The coach-to-quarterback radio system could soon be going the way of the Tyrannosaurus Rex (and/or the Rocky Mountain News), if a technological advancement to be used this year by the UFL catches on.
Jeff Darlington of the Miami Herald takes a look at a new system for sending plays from the head coach to the quarterback.
From the sidelines, the coach presses a button, which then sends an encrypted (except in Foxborough) message to the quarterback’s wrist band.
The wrist band then displays the play to be called.
The device, called the ID Coach (the name is nearly as lame as “Twitter”) has been invented by the Isaac Daniel Group, and it’ll be used by the fledgling UFL.
‘To be honest, I thought it was going to be a total gimmick when I
heard about it,” UFL Commissioner Michael Huyghue told Darlington. “So when we went in there with our
coaches, we were blown away. We thought it was an incredible concept.”
So do we.
Though the Luddites who still use typewriters and turntables might opt to craft manifestos aimed at the evils of Maddenizing the NFL, the Rubicon was crossed years ago, when coaches began to usurp from quarterbacks the function of calling plays.

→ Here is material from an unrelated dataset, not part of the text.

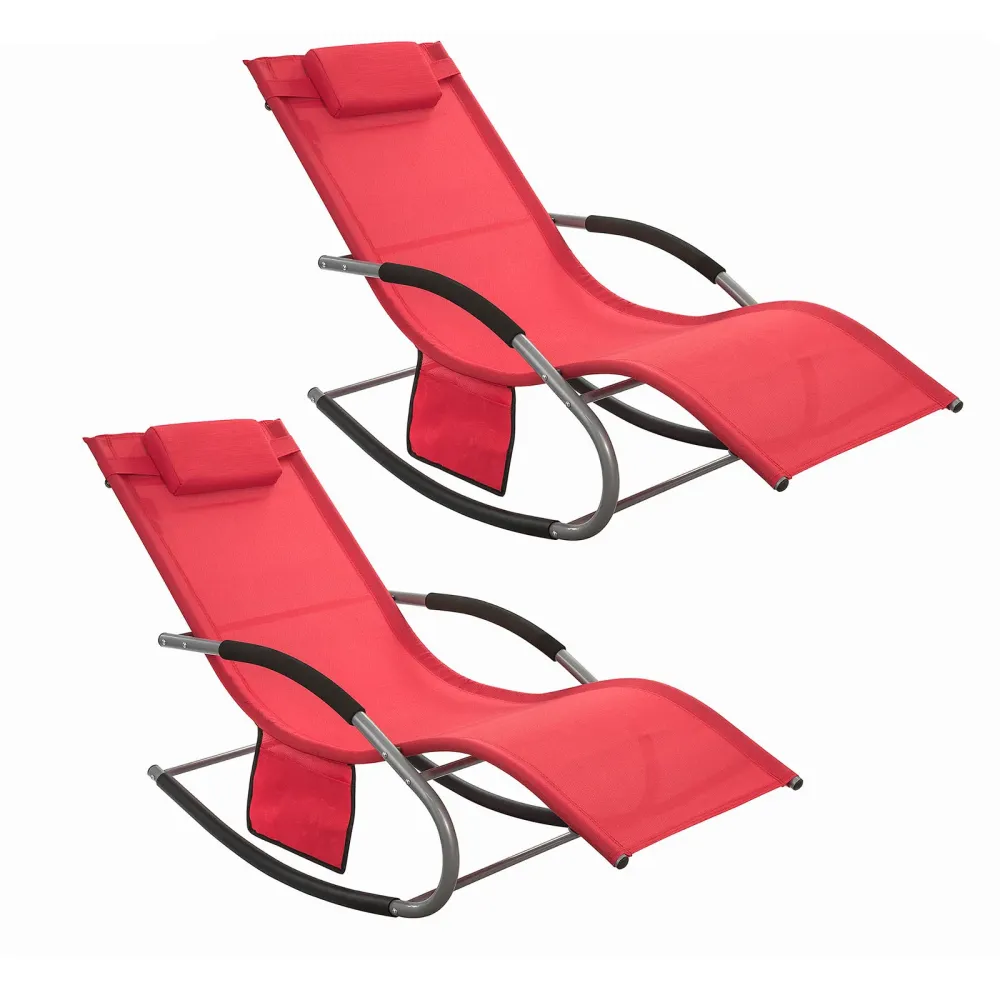 SoBuy 2 x șezlonguri balansoare cu tetiera 63x150x87cm OGS28-RX2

So regardless of whether the play is shuttled from the sidelines via a player or by hand signals or by radio or by two tin cans with a taut string or by mental telepathy, the essence of the game — i.e., the coach calls the plays, not the quarterback — won’t change.
If there’s a way to do it more efficiently, then the UFL, the NFL, and even college football should embrace it.